O ódio do Sem Pernas salvou-o. Fê-lo sentir que não voltaria a ser fraco depois dos polícias, que só coxearia por vontade própria e para os olhos de quem ele pudesse magoar ou trair. A raiva que o consumiu e o alimentou deu-lhe a segurança de pensar que não tornaria a encontrar-se vulnerável. E assim o coxo Sem Pernas ousou acreditar que, definitivamente, já não era frágil.
Sucedendo em proteger-se contra todos os perigos de que tinha ideia, o Sem Pernas não contou com aquele que nunca conhecera: o da bondade. O amor nunca foi uma hipótese de vida para ele. Só o ódio pôde salvá-lo dos polícias cruéis, das mulatas frias e das famílias hipócritas. Perante a maldade, o amor deixá-lo-ia vulnerável: um pouco de meiguice ou inocência e ele estaria perdido. Morte certa para o aleijado, feio e diferente. Por isso o Sem Pernas muniu-se de ódio contra o ódio para ser forte – se bem que também para fazer fortes os seus inimigos, já que com a sua irascibilidade e animosidade acabou por fomentar nos outros maus sentimentos contra si.

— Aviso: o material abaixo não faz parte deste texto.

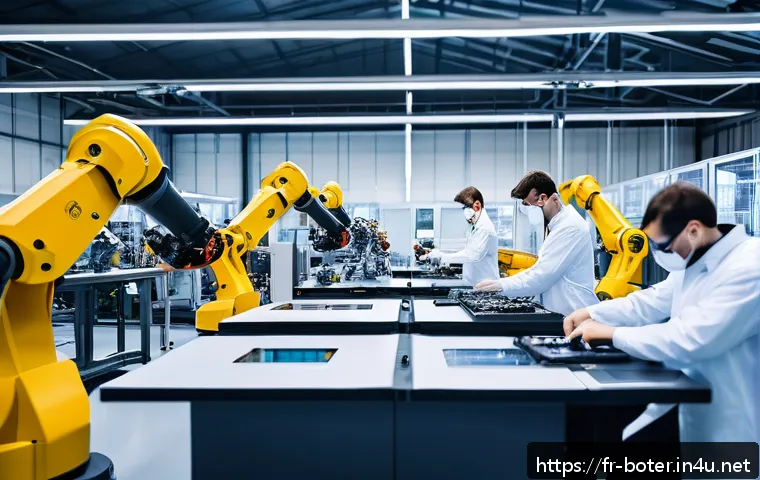 로봇기술사 공부 계획 세우기 - A detailed industrial robotics workshop scene set in a modern French factory, showing a diverse grou...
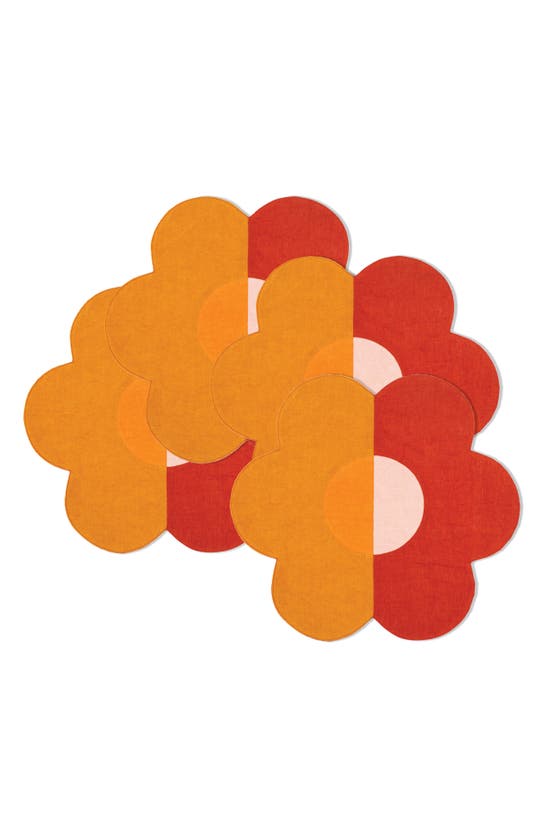 Misette Set Of 4 Patchwork Linen Placemats In Floral Group - Red/ Amber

O amor é um ataque novo contra o Sem Pernas, um que ele não conhece e com o qual não contava. Perante a bondade verdadeira – a gratuita, a que não passa por fazer favores a si ou a outros na esperança de conseguir qualquer coisa que não mais bondade ou mais amor –, perante essa bondade que o deixa fraco e vulnerável, a sua única arma é aquele ódio que sempre o fez forte, mas que agora se mostra inadequado. A raiva que o tornou tão seguro contra inimigos deixa-o desajeitado novamente: perante esta bondade, ele não tem armadura, não sabe sequer como combater. A estadia na casa da senhora bondosa é obviamente o inverso da experiência com os polícias: ela gosta dele, quer dar-lhe carinho, aceitá-lo e fazê-lo um dos seus. Mas nesta inversão, a vulnerabilidade em que ele é situado é a mesma: ele não tem armas perante aquela pessoa grande que o trata de um modo que ele não entende e não sabe sequer aceitar. Habituado a odiar toda a vida, o Sem Pernas não sabe fazer outra coisa porque não tem outras armas, muito menos aquelas com que se combate em tempos de tréguas. Assim, a bondade da senhora é para ele tão perigosa como a maldade dos polícias, porque ele se descobre igualmente vulnerável perante ambas. Se ao longo da vida aprendeu a combater com o seu ressentimento a animosidade dos outros, o carinho da senhora deixa-o desamparado e sem saber o que fazer. O Sem Pernas abandona a senhora e trai-a, fiel aos Capitães à superfície, mas no seu íntimo fiel ao seu ódio, à sua raiva. Essa armadura não o faz forte agora, porém, e ele chora de amargura. É frágil de novo.
O Sem Pernas termina a sua vida fugindo da polícia. Encurralado entre os seus inimigos fardados e o precipício, ele escolhe lançar-se para o suicídio, para não deixar que o apanhem e o torturem de novo. É uma fuga ilusória. O episódio da casa da senhora bondosa mostra-nos que ele nunca escapou verdadeiramente àqueles que o maltrataram. Prisioneiro do seu ressentimento contra eles, o Sem Pernas foi incapaz de se libertar desse mundo de vingança e retribuição para habitar uma casa nova. Ainda assim, na amargura com que sofreu a traição que ele próprio praticou contra essa senhora que quis gostar dele, podemos descobrir que, no fim de contas, ele já se deixara apanhar, por um pouco que fosse, pelos bons sentimentos que nunca conheceu nem compreendeu. O drama do Sem Pernas, em suma, é o de ter sido sempre um prisioneiro: durante a maior parte da sua vida, prisioneiro dos seus inimigos e do seu próprio ódio. Mas num breve momento, prisioneiro também do amor e de quem apenas quis gostar dele.